Dataset records:
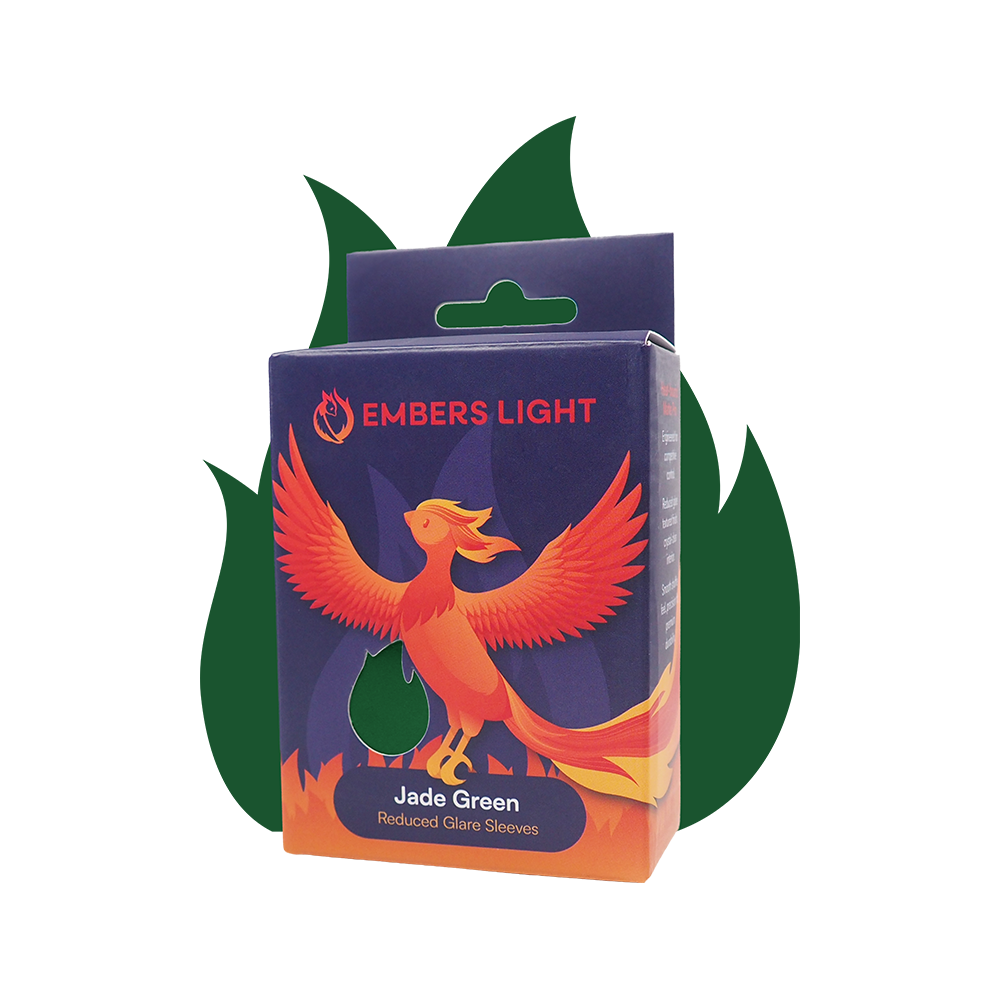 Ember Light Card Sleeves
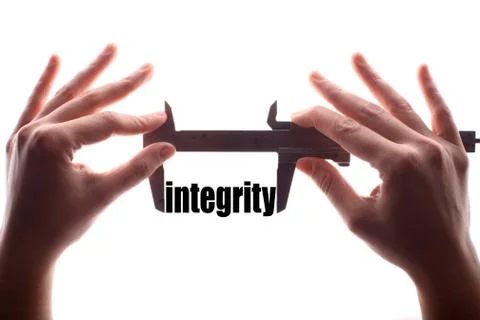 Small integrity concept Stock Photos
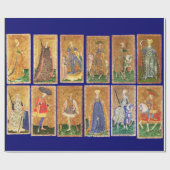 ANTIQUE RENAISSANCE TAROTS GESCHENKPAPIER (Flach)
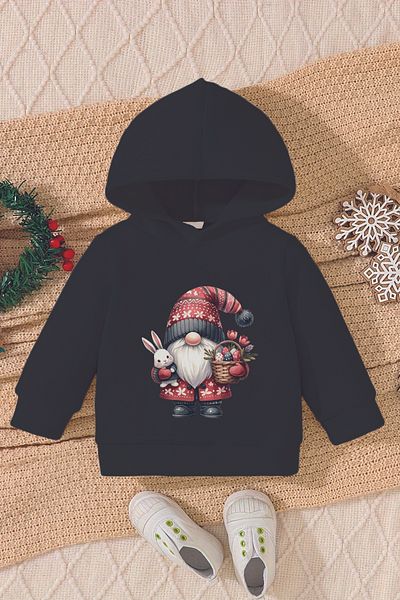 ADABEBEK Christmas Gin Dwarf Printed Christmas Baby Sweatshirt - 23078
---
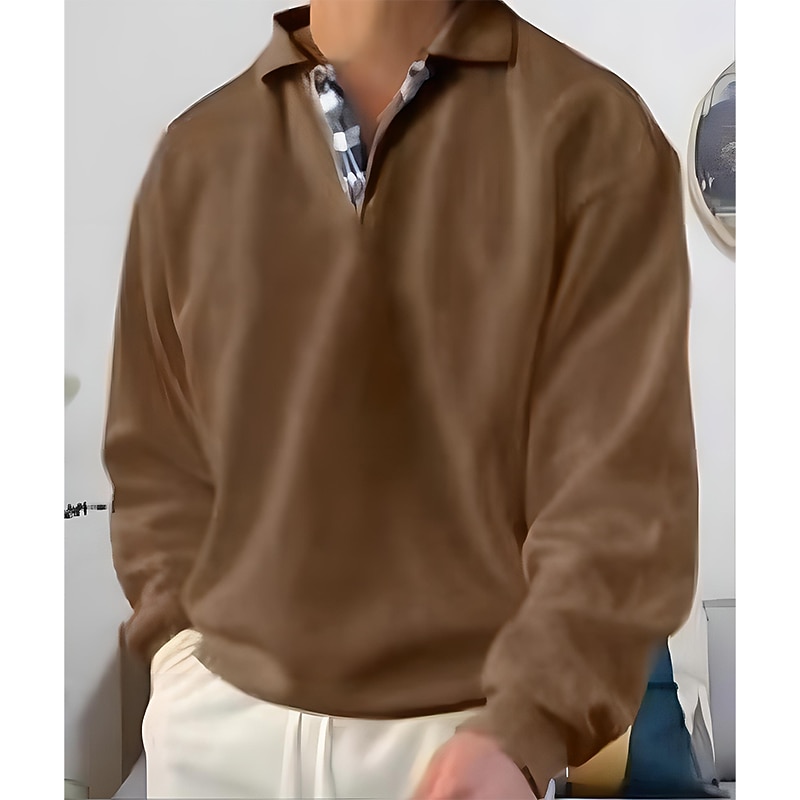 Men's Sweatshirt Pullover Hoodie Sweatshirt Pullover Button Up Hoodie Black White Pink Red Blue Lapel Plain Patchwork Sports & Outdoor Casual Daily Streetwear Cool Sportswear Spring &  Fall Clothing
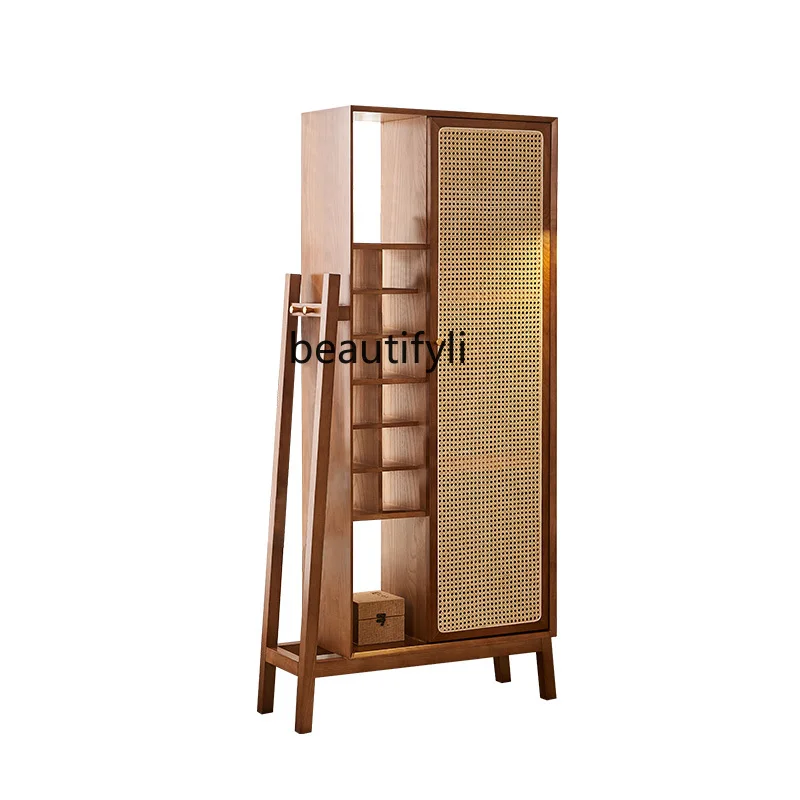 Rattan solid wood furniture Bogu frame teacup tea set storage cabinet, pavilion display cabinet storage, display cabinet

What you have to do: Exact copy, no pictures. Write out the lines in the entries above, starting with the line with "Small integrity concept Stock Photos" and going on through the line with "ADABEBEK Christmas Gin", keeping both.

Written reply:
 Small integrity concept Stock Photos
 ANTIQUE RENAISSANCE TAROTS GESCHENKPAPIER (Flach)
 ADABEBEK Christmas Gin Dwarf Printed Christmas Baby Sweatshirt - 23078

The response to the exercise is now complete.